Julie Therese Wallace (born 28 May 1961) is a British actress.

Biography
Julie T. Wallace is the daughter of Scottish actor Andrew Keir and his first wife, Julia Wallace. She is the 
sister of actors Sean Keir and Deirdre Keir. She stands  tall. 

Raised in Wales, she adopted her mother's maiden name professionally after attending the Webber Douglas Drama School. She was active in theatre starting in the late 1970s, including taking a leading role in Edward Bond's The Worlds, directed by Bond himself, in a youth theatre production.

She made her television debut in the title role in the BBC dramatisation of Fay Weldon's The Life and Loves of a She-Devil (1986). She was nominated for the British Academy Television Award for Best Actress for her performance. She later played Rosika Miklos in the James Bond film The Living Daylights (1987), and starred in The Comic Strip Presents... episodes "Les Dogs" (1990) and "Queen of the Wild Frontier" (1993). In 1996, Wallace was featured as Serpentine in Neil Gaiman's BBC miniseries Neverwhere, and played Major Iceborg in the 1997 cult classic The Fifth Element.

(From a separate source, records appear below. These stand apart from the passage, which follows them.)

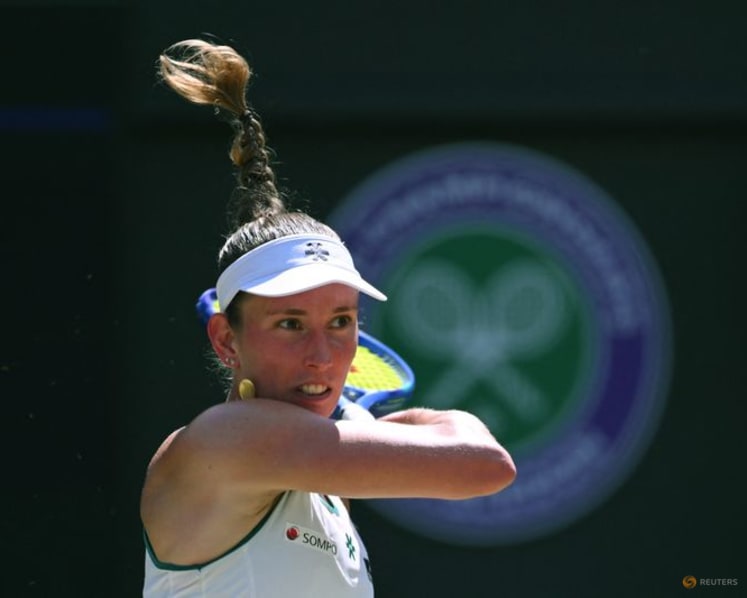 Noskova downs Mertens to reach first Grand Slam semi-final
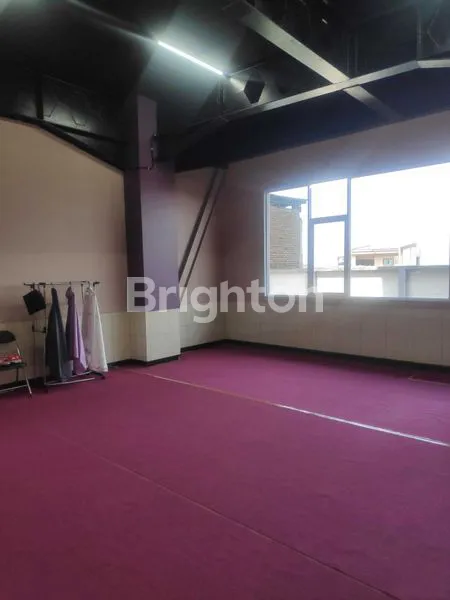 image LOKASI STRATEGIS COCOK UNTUK: KANTOR, BANK, SHOWROOM (7)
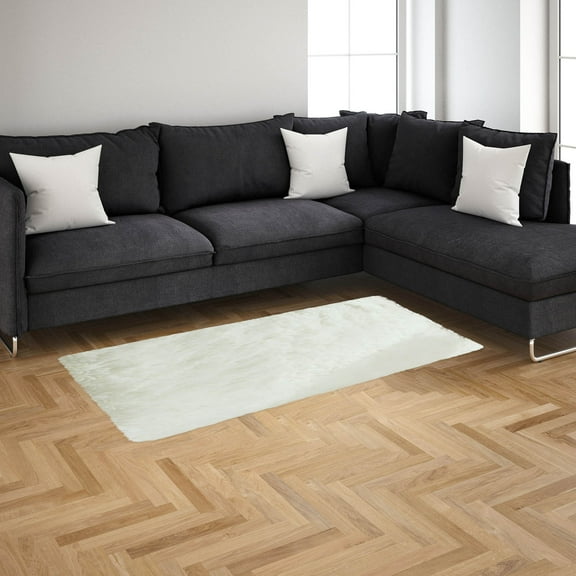 JeashCHAT Soft Runner Rugs for Bedroom Living Room, 1.64x5.25 Feet Fluffy Shaggy Area Rug Non Slip Plush Carpet for Nursery Dorm, Bedside Rug for Kids Boys Girls Room Home Decor, White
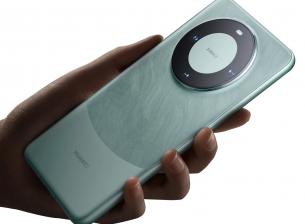 Huawei Mate 60 Pro идва с изискан дизайн и възможност за сателитни разговори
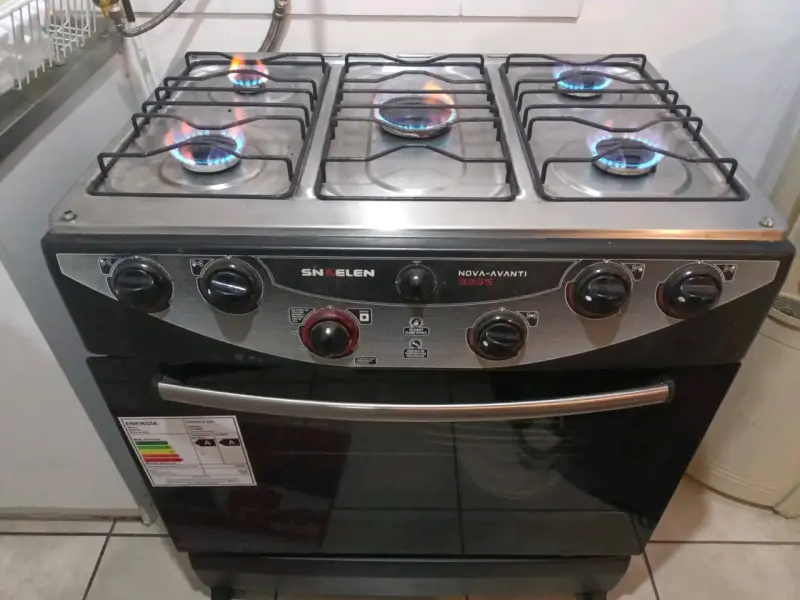 Cocina a gas 5 quemadores - 1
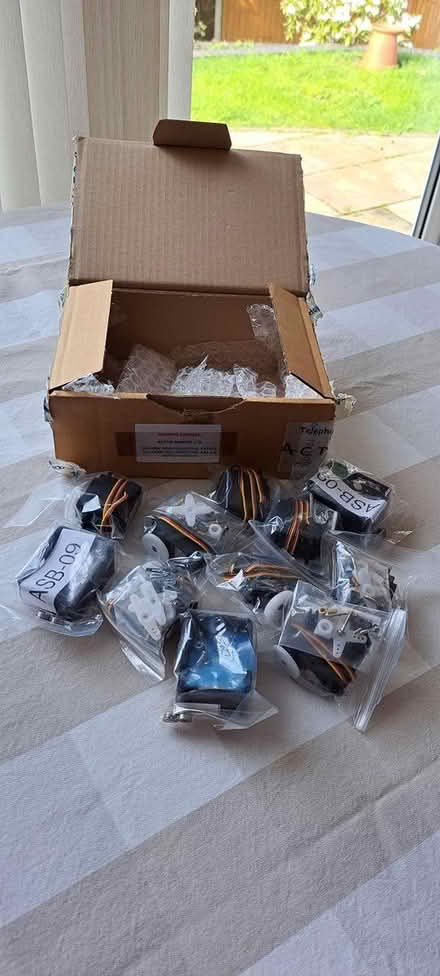 Photo of free Hitec HS322HD Servos (Southampton SO16 8ES) #1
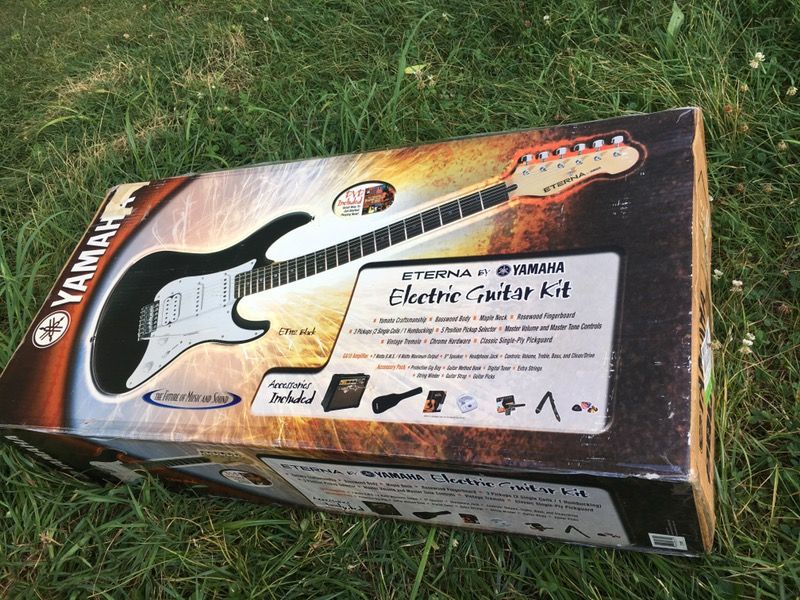 Eterna By Yamaha Electric Guitar ET112 Black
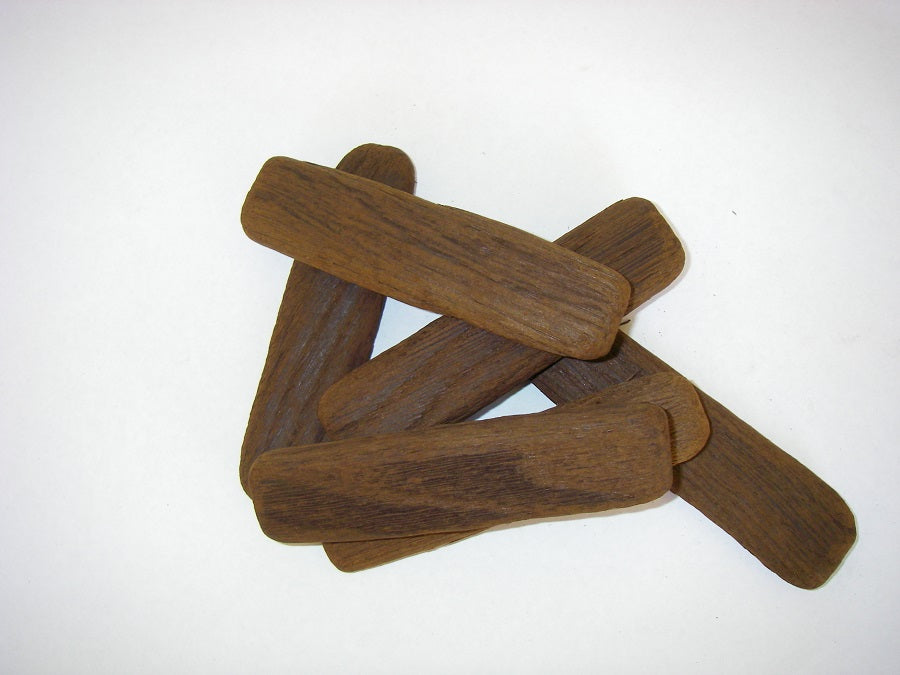 French Oak Dominoes 5kg Bag, Medium Toast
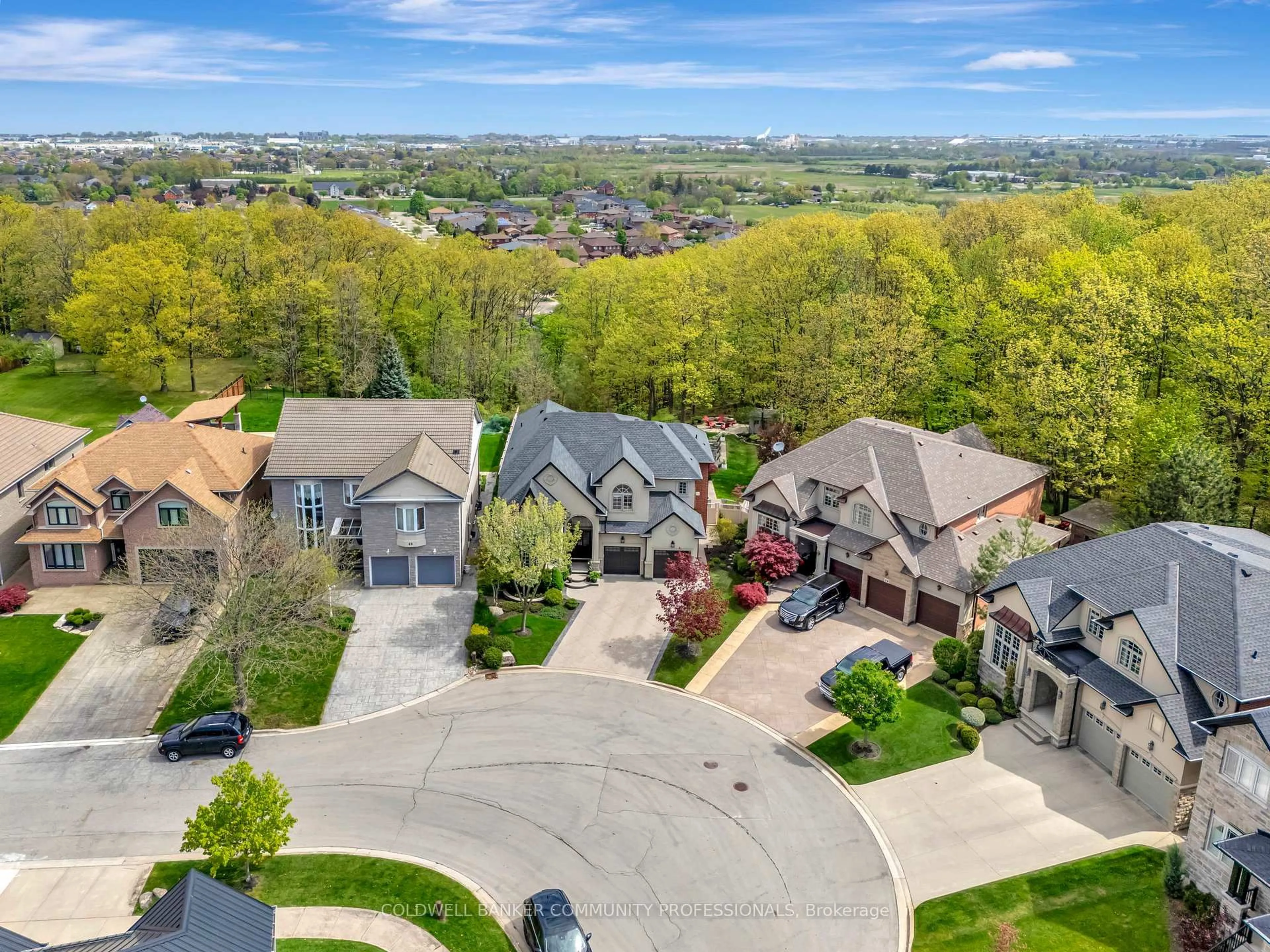 A pic from outside/outdoor area/front of a property/back of a property/a pic from drone, unknown for 46 Orr Cres, Hamilton Ontario L8G 5C5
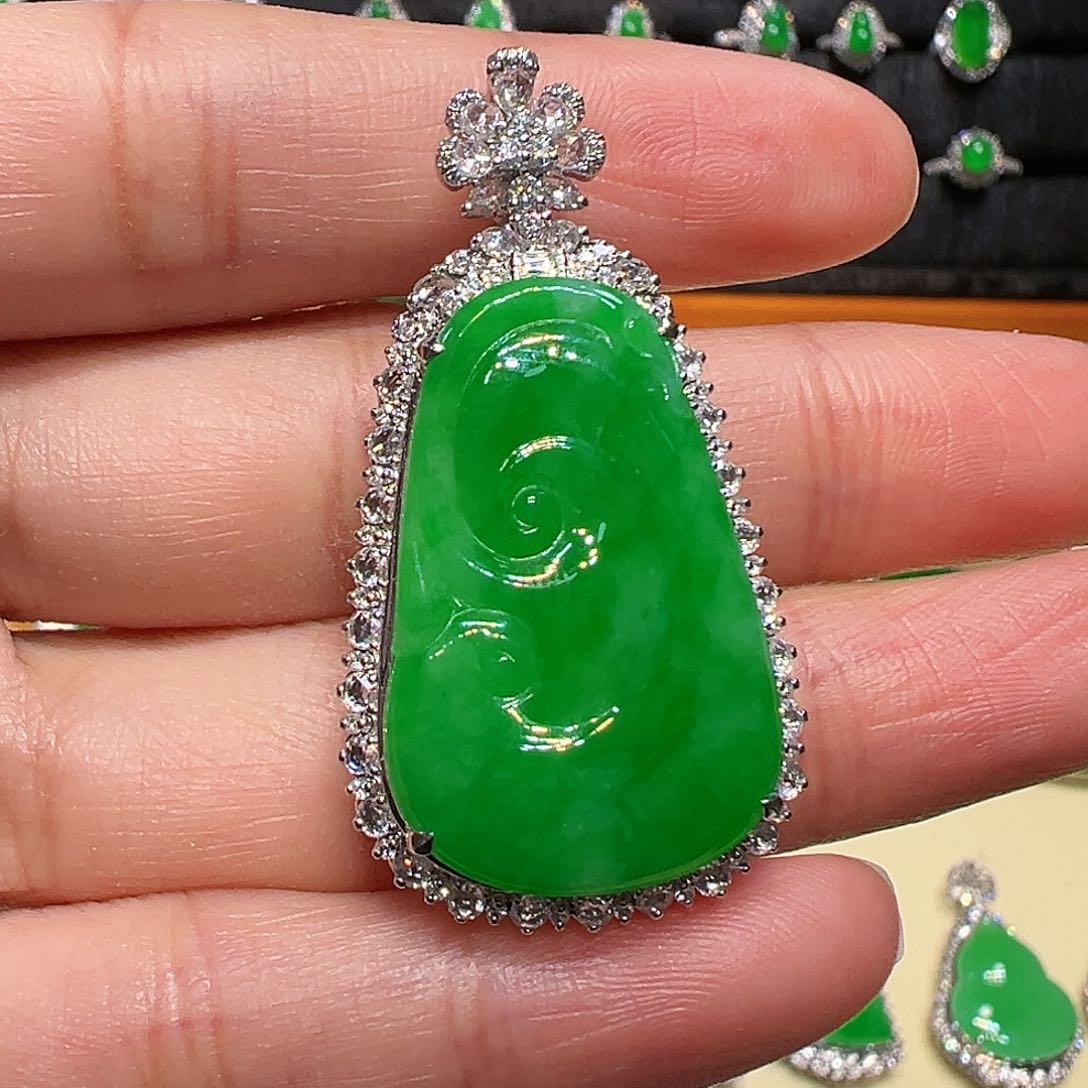 翡翠颈饰18K金镶嵌吊坠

In the 2000s, she continued to make regular film and television appearances in supporting roles, including recurring roles as Mrs. Avery from 2000-01 on Last of the Summer Wine and Tony's Mum on Catterick (2004). She appeared in the short film Rita (2008), the 2013 BBC comedy series Big School, and most recently in The Spiritualist (2016).

Film roles
The Living Daylights (1987) .... Rosika Miklos
Hawks (1988) .... Ward Sister
Mack the Knife (1989) .... Coaxer
The Lunatic (1991) .... Inga Schmidt
Anchoress (1993) .... Bertha
The Fifth Element (1997) .... Major Iceborg
B. Monkey (1998) .... Mrs. Sturge
Devil's Harvest (2003) .... Mary Henson
Lighthouse Hill (2004) .... Bunny
Provoked (2006) .... Gladys
Speed Racer (2008) .... Truck Driver
Rita (2008) .... Mum
Cemetery Junction (2010) .... Dignified Woman
Edge (2010) .... Linda
Stag Hunt (2015) .... Mary
The Spiritualist (2016) .... Mother

Television roles 
The Life and Loves of a She-Devil (1986) .... Ruth, the "She-Devil"
French and Saunders (1987) .... Herself
Comic Relief (1988) .... Herself
The Comic Strip Presents (1990) .... Groom's Mother
Selling Hitler (1991) .... Edith Lieblang 
Lovejoy (1993) .... Mrs. Neighbour
The Comic Strip Presents (1993) .... Fiona 
Anchoress (1993) .... Bertha
The South Bank Show (1994) .... Herself
The Detectives (1994) .... W.P.C. Sandy Taylor
Hamish Macbeth (1995) .... Alice Robb
Neverwhere (1996) .... Serpentine
Sharpe's Regiment (1996) .... Maggie
Heartbeat (1993 and 1997) .... Betty Sutch 
Looking After Jo Jo (1998) .... Billy's mother
Last of the Summer Wine (2000–2001) .... Mrs (Lolly Minerva) Avery
My Family (2002) .... Jocelyn, Dental Assistant
Doctors (2003) .... Barbara Byers
Catterick (2004) .... Tony's Mum
Bremner, Bird and Fortune (2005) .... Sarah Kennedy
Hotel Babylon (2006) .... Helen Merchant
Casualty (2010 – 1 episode) .... Registrar
Big School (2013) .... Pat Carrington, the lab assistant
Man Down (2015) .... Teggun

Other work

Wallace provided the spoken narration for Marc Almond's 1990 single "A Lover Spurned" from the album Enchanted.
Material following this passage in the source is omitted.